Your instructions >>
Would you write out each line of the material below exactly, skipping every picture?

Material provided >>
BEGIN

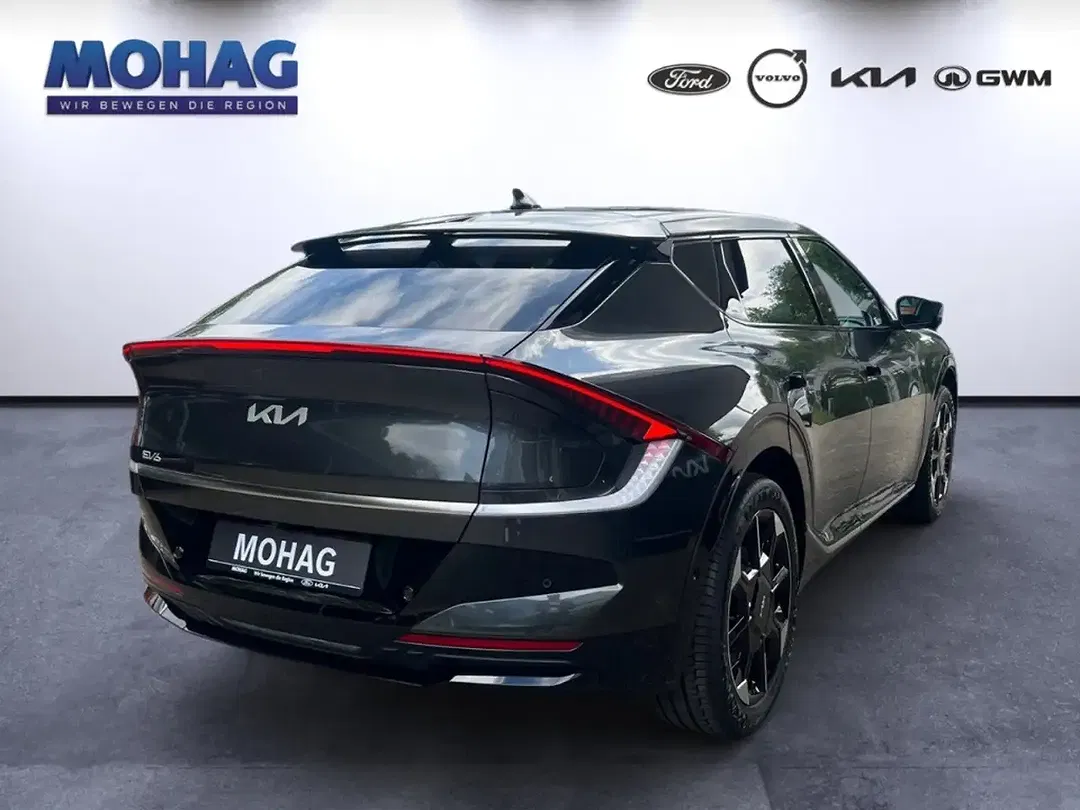 Kia EV6 - Thumbnail 3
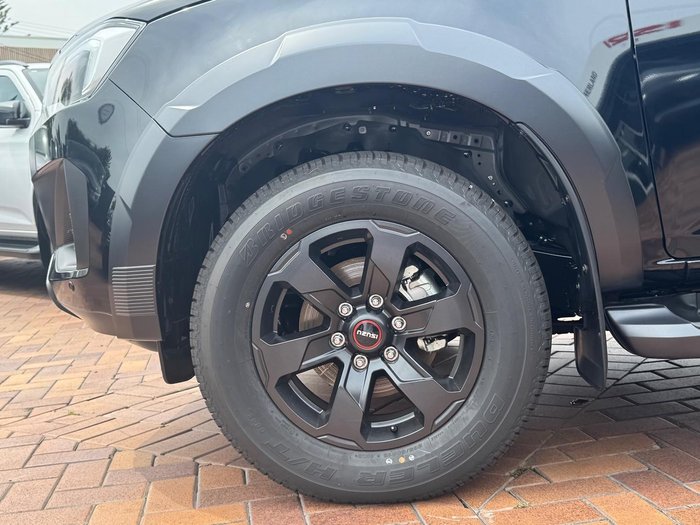 2025 Isuzu D-MAX X-TERRAIN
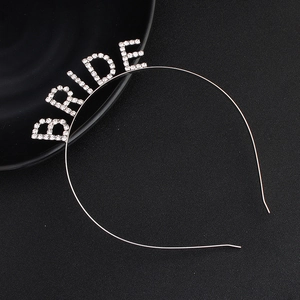 Serre-tête de mariée argenté élégant avec lettrage BRIDE serti de strass brillants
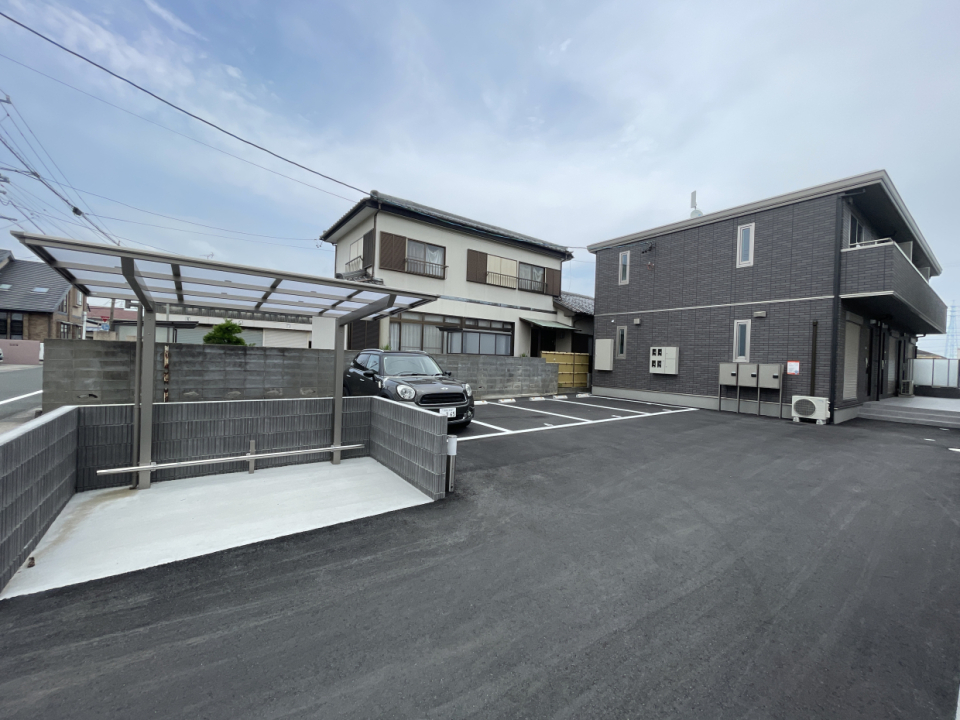 駐車場2台無料です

END

Expected output >>
 Kia EV6 - Thumbnail 3
 2025 Isuzu D-MAX X-TERRAIN
 Serre-tête de mariée argenté élégant avec lettrage BRIDE serti de strass brillants
 駐車場2台無料です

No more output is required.